Regenerated soleus muscle shows reduced creatine kinase efflux after contractile activity in vitro.

Regenerated skeletal muscles show less muscle damage after strenuous muscle exercise. The aim of the studies was to investigate if the regeneration is associated with reduced muscle creatine kinase (CK) efflux immediately after the exercise. Cryolesion was applied to the soleus muscle of 3-month-old C57BL/6J male mice. Then total CK efflux was assessed in vitro in the regenerated muscles without exercise or after 100 eccentric contractions.
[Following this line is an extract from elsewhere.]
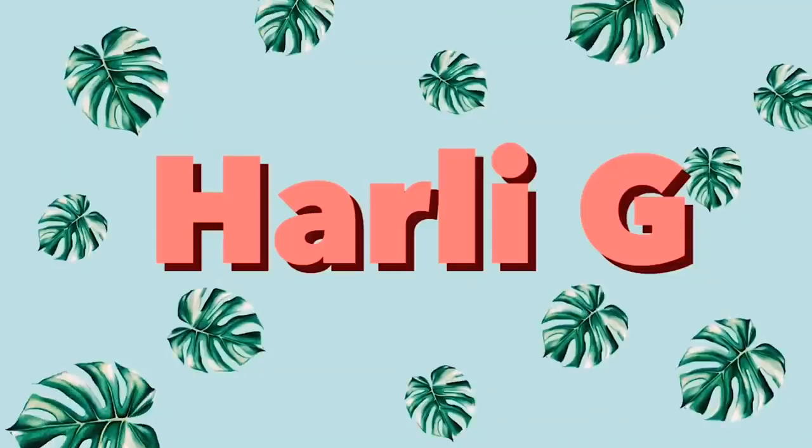Hey guys! So today I just wanted to talk about some of my favorite plants. I just woke up, just barely, as you can probably tell, and I wanted to show you some plants that I'm extra loving right now. These aren't my all-time favorite plants, just right this moment I've been noticing myself like oohing and aahing and staring at.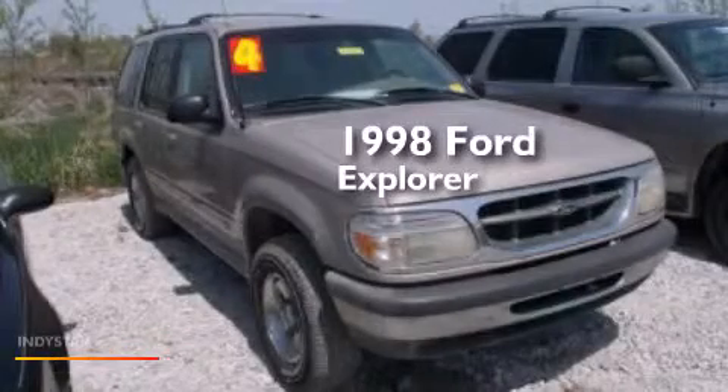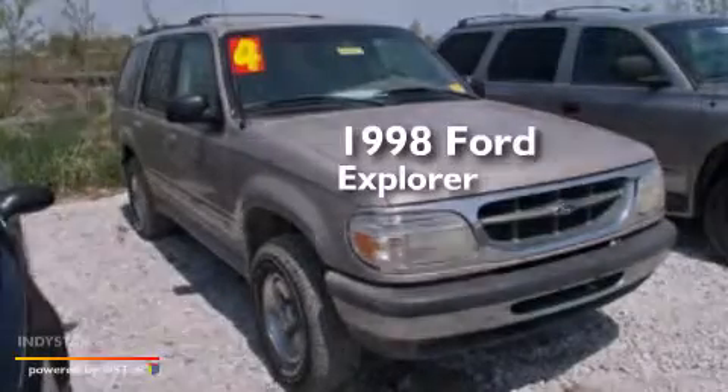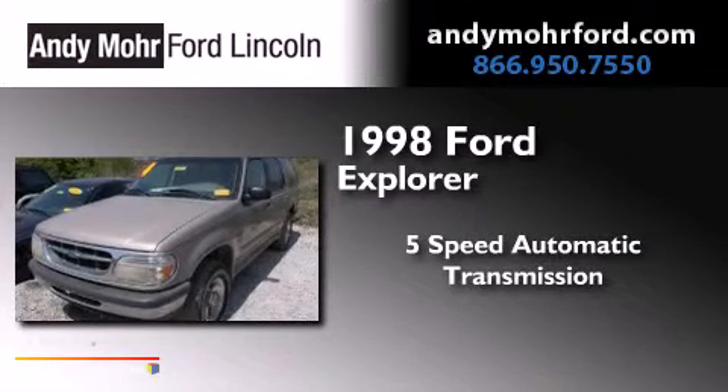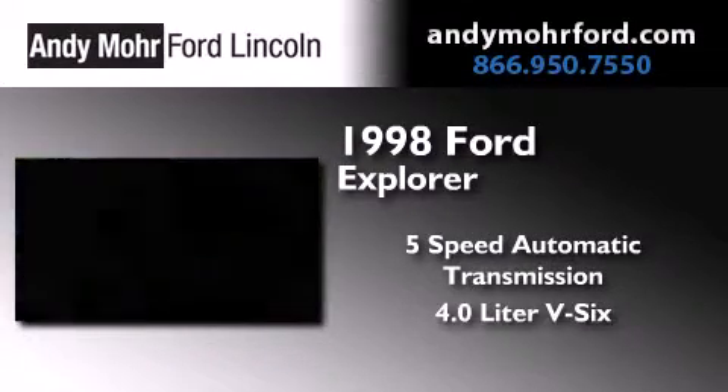This is a 1998 Ford Explorer. This SUV has a 5-speed automatic transmission and a 4.0-liter V6.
The same measurements were performed in the control muscles, which were not exposed to cryolesion. Regenerated muscles generated weaker (P < 0.05) twitches, but stronger (P < 0.05) 150-Hz and 300-Hz tetani with prolonged (P < 0.01) contraction times compared with the control muscles. There was no difference between regenerated and control muscles in the total CK efflux without exercise, but only control muscles showed an increase (P < 0.001) in the CK efflux after the exercise. Our results suggest that muscle regeneration is associated with modulation of contractile properties and improvement in muscle resistance to damage after eccentric exercise.